▸ What to produce: Omit every picture, then return each line of the data below exactly.
*** Extracted information Section Begins ***
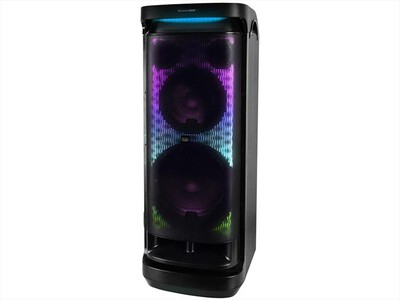 TREVI - Altoparlante Wireless 500W XF 4400 DJ-Nero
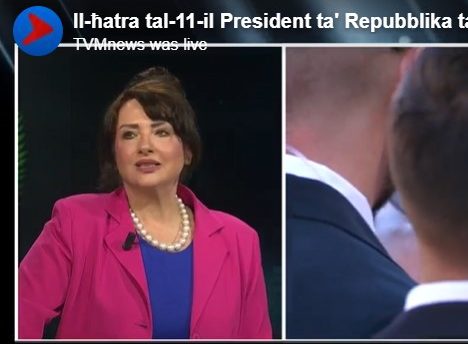Helena Dalli is a coward and an opportunist and doesn’t deserve to be President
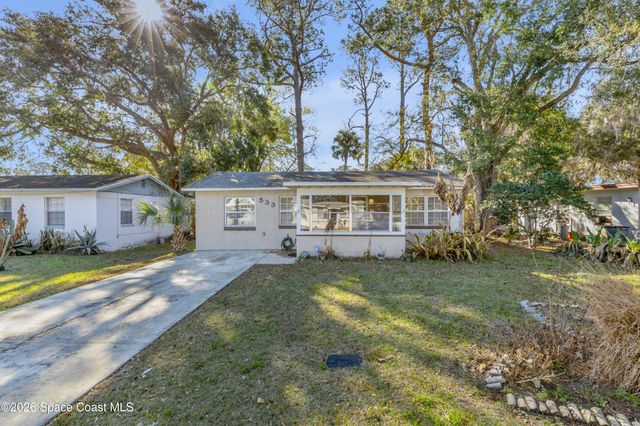 533 Blake Road, South Daytona, FL 32119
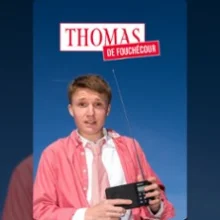 Thomas De Fouchécour – Le Montorgueil – Scène des Halles, Paris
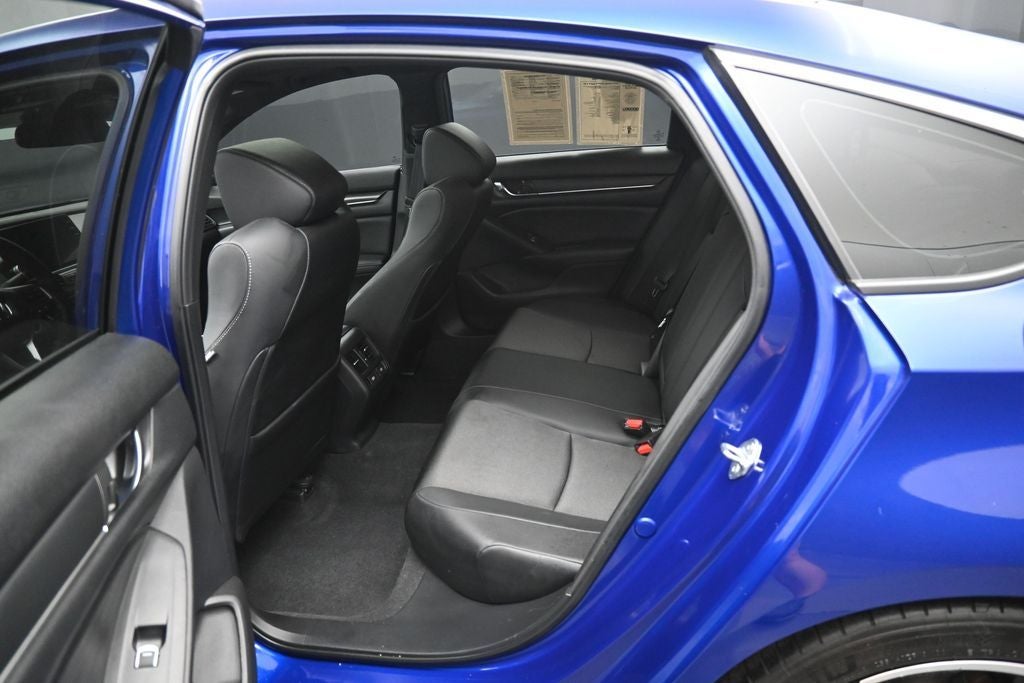 2022 Honda Accord Sport 2.0T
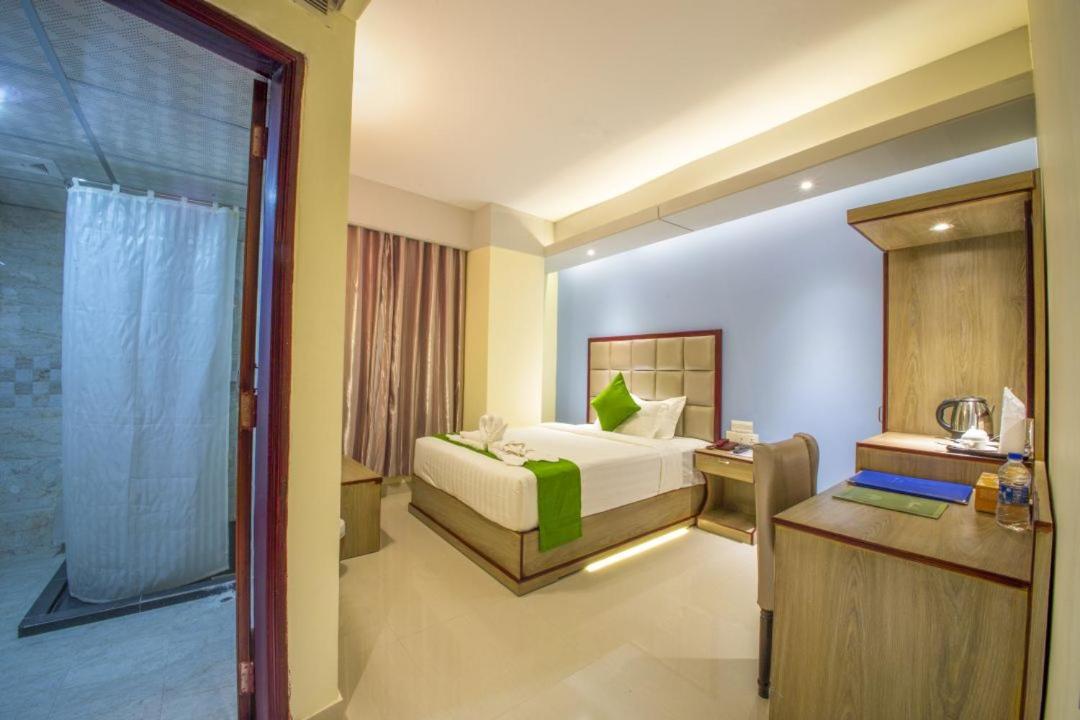 Hotel Mira Garden Sylhet Eksteriør bilde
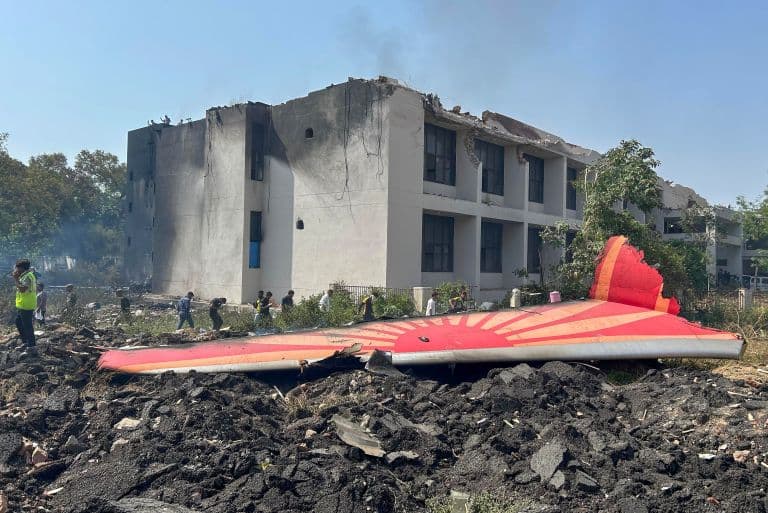Ill-Fated Runway 23 of Ahmedabad Airport Back in News After 1988 Crash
*** Extracted information Section Ends ***
▸ Exercise output:
 TREVI - Altoparlante Wireless 500W XF 4400 DJ-Nero
Helena Dalli is a coward and an opportunist and doesn’t deserve to be President
 533 Blake Road, South Daytona, FL 32119
 Thomas De Fouchécour – Le Montorgueil – Scène des Halles, Paris
 2022 Honda Accord Sport 2.0T
 Hotel Mira Garden Sylhet Eksteriør bilde
Ill-Fated Runway 23 of Ahmedabad Airport Back in News After 1988 Crash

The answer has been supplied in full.